The US dollar: risk and reward

  • Monday, March 07 - 2005 at 10:48

Standard Chartered's FX Strategy team discusses the current drivers of the dollar and FX markets and asks whether it will be a case of what goes up must come down in 2005?

Article continues below
Risk and Reward
Global markets remain firmly in "risk seeking" mode. To confirm this, we use the VIX index of S&P 500 implied volatility, EMBI Global and 10-year U.S. swap spreads and the CRB commodity index. These reflections of risk appetite have been in "risk-seeking" for some time. The VIX is currently trading around the lowest levels seen since 1995, the EMBI Global and 10- year U.S. swap spreads close to multi-year lows and the CRB is at major highs. As a result, higher-yielding and "riskier" currencies have outperformed significantly. From an investment perspective, there have been 4 main drivers of this:

• Policy and market interest rates remain historically low: The Fed is "normalising" monetary policy. However, the Fed funds target rate of 2.50% remains well below the 6.50% rate at which the Fed began its easing cycle from the start of 2001. U.S. Treasury yields have corrected higher after a series of strong U.S. numbers, but the long-term yield downtrend has not yet been broken

• Previous policy stimulus has generated abundant liquidity: The past monetary easing cycle, together with huge U.S. fiscal easing has generated massive amounts of global excess liquidity, which in turn has resulted in asset market inflation and out-performance in "riskier" assets

• A secular improvement in Emerging Market (EM) macroeconomic dynamics: Past currency crises have encouraged EM policymakers to pursue more prudent economic policies, tightening fiscal policy, reducing foreign debt, improving asset-liability management and sustaining a disinflationary trend. The result has been a sustained improvement in EM
balance of payments

• "Crossover" buying: Investors who are benchmarked to G10 stock and bond indexes have become more active in diversifying into "off-index allocations" due to lower benchmark returns and available "alpha" in nonbenchmarked assets. The secular improvement in EM fundamental
dynamics has accelerated this. In addition, EM assets are increasingly becoming integrated to standard industry benchmarks, creating so-called "blended benchmarks"

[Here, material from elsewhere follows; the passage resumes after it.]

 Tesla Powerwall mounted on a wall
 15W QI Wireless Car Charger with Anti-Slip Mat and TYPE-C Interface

From an FX perspective, this risk-seeking environment has been reflected in broad USD weakness since 2002 and multi-year out-performance by higher-yielding G10, commodity and EM
currencies. From the start of 2002 through March 1, 2005, the top performing currencies against the USD have been the ZAR (+103.45%), NZD (+74.23%), ISK (+69.39%), SKK (+68.20%) and the BWP (+59.86%).

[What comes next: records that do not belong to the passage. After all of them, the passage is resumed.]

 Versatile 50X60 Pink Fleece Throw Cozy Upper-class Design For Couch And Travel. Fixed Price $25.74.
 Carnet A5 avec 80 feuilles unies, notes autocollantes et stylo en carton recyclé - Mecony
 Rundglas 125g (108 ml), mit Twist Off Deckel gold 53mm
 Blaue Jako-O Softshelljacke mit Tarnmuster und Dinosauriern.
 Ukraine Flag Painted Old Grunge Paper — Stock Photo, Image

Increasing Signs of Market Distress
In 2003 and 2004, USD weakness was expressed largely through appreciation in the major currencies, such as EUR, GBP, AUD and NZD. As a result, the Australian and New Zealand current account deficits are running at around -7% and -6% of GDP, the UK current account deficit has hit the highest level since 1999 and the Eurozone basic balance looks set to deteriorate sharply. The speculative cycle model of exchange rates (Soros 1987) suggests that FX trends persist until fundamental deterioration reaches a tipping point whereby real money (investor and corporate) out (in) flows overwhelm speculative in (out) flows. The period ahead of that is typified by increasingly violent corrections in the currency, which climax in an eventual trend reversal. We believe we are in this endgame in AUD, NZD and GBP and eventually EUR as that basic balance deterioration becomes more evident.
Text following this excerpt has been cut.